Coin Change

medium · Dynamic Programming · 40 min read

dp memoization bottom-up optimization knapsack interview-strategy

Introduction

Coin Change is the rite of passage for dynamic programming. Nearly every serious technical interview at a top company includes at least one DP question, and Coin Change is the problem that teaches every piece of the DP toolkit with a setting — coins, change — that everyone has an intuition for. Master this chapter and the rest of DP stops feeling magical.

The problem also does something rare: it punishes greedy thinking politely. Greedy looks right. It works on the first example you try. Then it fails, silently, on an input you did not think of. Learning when greedy works, when it does not, and why is itself a compact lesson in algorithm design — the kind of reasoning an interviewer is directly trying to elicit.

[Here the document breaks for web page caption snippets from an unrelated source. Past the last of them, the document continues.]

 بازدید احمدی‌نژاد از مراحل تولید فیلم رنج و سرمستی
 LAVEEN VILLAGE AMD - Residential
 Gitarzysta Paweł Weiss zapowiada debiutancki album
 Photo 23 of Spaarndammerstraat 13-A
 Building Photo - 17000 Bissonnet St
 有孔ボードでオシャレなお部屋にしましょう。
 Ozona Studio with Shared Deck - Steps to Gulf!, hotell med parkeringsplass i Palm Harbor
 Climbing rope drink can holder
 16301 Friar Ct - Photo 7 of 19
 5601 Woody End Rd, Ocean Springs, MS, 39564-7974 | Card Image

Every DP solution starts the same way: name the subproblem, write the recurrence, then either memoize the recursion or tabulate it bottom-up. Everything after that is mechanical.

What the interviewer is actually testing

A Coin Change interview scores candidates on five axes:

Do you recognize the optimization structure? Candidates who dive into code without stating the subproblem almost always get the recurrence wrong.
Do you consider greedy and cleanly reject it with a counterexample? Or do you try greedy confidently and get caught?
Can you derive the recurrence from first principles? The interviewer is watching for whether you see that $C(t) = 1 + \min_c C(t - c)$ , not whether you can memorize it.
Can you translate recursion to either memoization or tabulation, fluently? Both are expected. Strong candidates mention both.
Can you handle the follow-ups? Reconstruction, count-of-ways, unbounded vs. bounded coins — one of these is almost certainly coming.

Problem statement

Problem

Given an array of coin denominations $I$ and an integer $t$ representing an amount, return the minimum number of coins required to sum exactly to $t$ . You have unlimited coins of each denomination. If the amount cannot be made, return $-1$ .

Example 1

Input I = [1, 2, 5], t = 11

Output 3

5 + 5 + 1 = 11. No combination uses fewer than three coins.

Example 2

Input I = [1, 5, 8], t = 12

Output 4

1 + 1 + 5 + 5 = 12. Greedy would pick 8 first and use 6 coins in total.

Example 3

Input I = [2], t = 3

Output -1

No combination of 2s sums to 3 exactly.

Example 4

Input I = [1, 2, 5], t = 0

Output 0

Zero coins make zero.

Clarifying questions — and why each one matters

Clarification questions

Q Is t always non-negative? Can it be zero?: A Common edge case: t = 0 must return 0 (the empty combination). Negative t is typically out of scope but ask; some follow-ups allow it.
Q Are coin denominations always positive? Distinct? Sorted?: A Positive: usually yes. Distinct: treat as a set, not a multiset — duplicates in the input are harmless but add no information. Sorted: no, do not assume.
Q Do we have unlimited coins of each denomination, or a bounded count?: A The most important variant question. Unlimited is the standard framing; bounded (each coin has a finite count) is the 0/1 bounded-knapsack variant, with a different recurrence.
Q Return the count of coins, or the combination itself?: A Interviewers often first ask for the count, then follow up with 'now also return which coins'. Plan for reconstruction — see below.
Q What should we return when t is unreachable?: A Conventionally -1. Always confirm; some variants want +∞ or throw.
Q Any constraints on t or |I|?: A Large t (e.g. 10⁶) means the $O(t \cdot |I|)$ DP is fine. Extremely large t with small |I| may benefit from number-theoretic approaches; ask.
Q Will the input have repeated queries?: A If many queries against the same coin set, cache the entire DP table once and answer each query in O(1).

Discussion

Approach 00

Greedy — and why it fails here

Always take the largest coin that fits. Fast, intuitive, wrong in general. But it's instructive to know when it does work.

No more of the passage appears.